In an NHL that moves at Mach speed, with flamboyant players flashing big-city skills, the methodical, plotting, small-towner is easy to underestimate.
And yet if you’re able to recognize all the subtleties of the Scarborough, Ont., native’s game, his consistency as a four-time 20-goal scorer should be anything but surprising.
“I think (Toffoli) thinks the game at a really high level,” said Montreal’s Paul Byron ahead of Wednesday’s loss. “You can just see the way he positions himself — he just finds areas to go whether it’s opening up for a D-to-D in the neutral zone, getting open for a centre, finding lanes in the offensive zones (in) little pockets to give support to your linemates, so he makes everyone around him better by doing that. It’s such a subtle, little thing, but something he does really well.

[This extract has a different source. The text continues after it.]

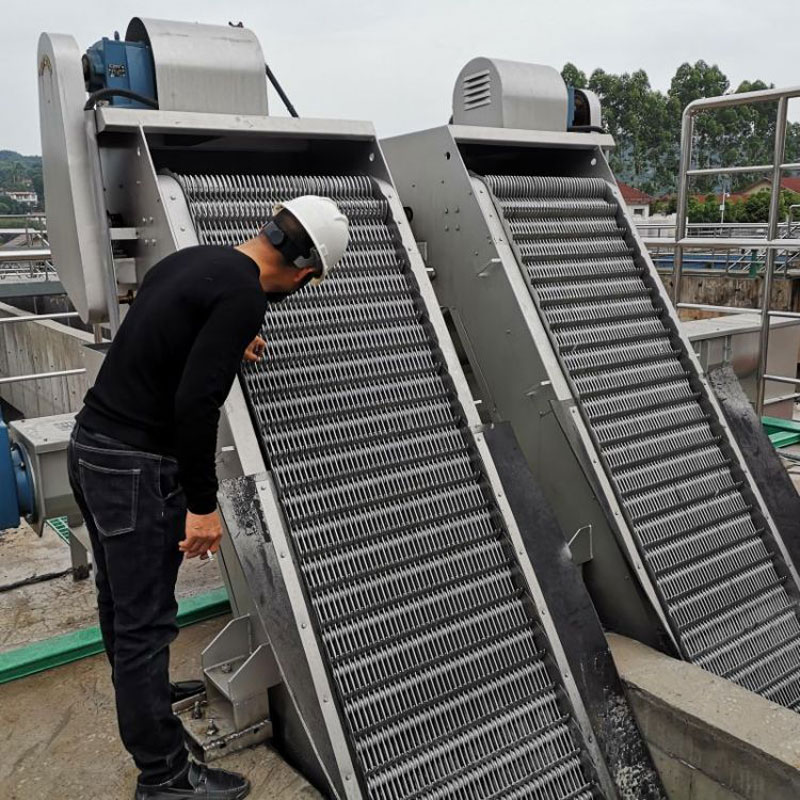 格柵的維護管理注意事項，請查收！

“He’s got great hands, really good stickhandling, deking and stuff like that. He can come in, toe-drag the defence and open himself up a shot when it kind of looks like the lane’s closed. So, I think his addition of his intelligence and his skill set — it really fits in well with his linemates.”
It did in the three games prior to this one, and the fruit was finally plucked in this fourth one. Kotkaniemi added a goal after his assist on Toffoli’s first, and Julien rightly noted that Joel Armia played his best hockey of the young season in the second half of this loss — with an assist on Toffoli’s go-ahead goal.
Toffoli, who signed a four-year, $17-million contract with the Canadiens in October, just missed extending this game in the shootout when he banked a shot off the right post.
It never should’ve gotten there in the first place.
But a rash of penalties — and a kill Julien called “soft” twice in his post-game comments — made it so.
“We’ll learn from it,” said Kotkaniemi.
The Canadiens had better before Thursday’s game against these same Canucks.